«Encomienda a Jehová tu camino, y confía en él; y él hará» (Salmos 37:5). Este versículo es mucho más que un consejo: es una invitación de Dios a vivir libres de ansiedad, sabiendo que Él está a cargo de nuestro futuro.
1. Encomendar: Dejar en sus manos lo que no puedes controlar
«Encomendar» significa entregar algo valioso a otro. Dios nos pide que le entreguemos:
- Nuestros planes (cuando fallan).
- Nuestras preocupaciones (cuando el futuro es incierto).
- Nuestras luchas (cuando las fuerzas flaquean).
No es una entrega pasiva, sino un acto de fe activa, donde reconocemos que Él tiene el control.
2. Confiar: La antídoto contra la ansiedad
El versículo no se queda en la entrega, sino que añade: «y confía en él». Confiar implica:
- Soltar el control de lo que no depende de ti.
- Creer que Dios obra, aunque no veas resultados inmediatos.
- Descansar en su promesa, sin importar las circunstancias.
La ansiedad nace cuando queremos resolver todo por nuestra cuenta. Confiar es dejar que Dios actúe en su tiempo y de su manera.
3. «Y él hará»: La promesa que cambia todo
La parte más poderosa del versículo es la promesa: «y él hará». No es una posibilidad, sino una garantía. Cuando encomendamos nuestro camino a Dios:
- Él abre puertas que nadie más puede abrir.
- Él cierra caminos que nos llevarían al error.
- Él transforma lo imposible en posible.
- Él actúa en el momento perfecto, no en el nuestro.
¿Cómo vivir esto hoy?
Muchas veces cargamos con:
- Deudas (¿cómo saldré de esto?).
- Problemas familiares (¿cómo restaurar esta relación?).
- Enfermedades (¿cuándo vendrá la sanidad?).

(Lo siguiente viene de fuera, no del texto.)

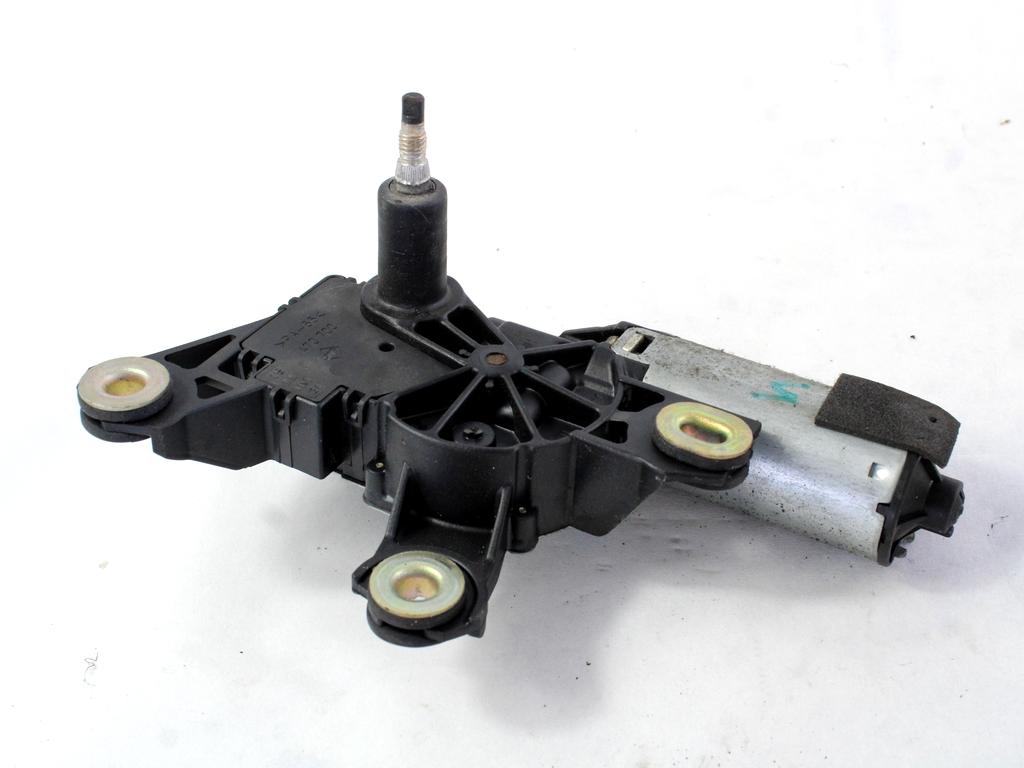 MOTORCEK ZADNJEGA BRISALCA OEM N. 6X0955711D ORIGINAL REZERVNI DEL VOLKSWAGEN LUPO 6X1 6E1 (04/1999 - 05/2005) DIESEL LETNIK 2001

- Incertidumbre (¿qué pasará mañana?).
Pero Dios nos dice: «No lleves esa carga solo. Encomiéndamela. Yo me encargaré».
Hoy, puedes:
- Hacer una lista de lo que te preocupa y entregárselo a Dios en oración.
- Dejar de lado la ansiedad y confiar en que Él obrará.
- Esperar con paz, sabiendo que Dios cumple lo que promete.
Cuando lo haces, experimentas algo extraordinario: la paz que supera todo entendimiento (Filipenses 4:7). Porque Dios no solo promete actuar, Él ya está obrando en tu vida, incluso en lo que no ves.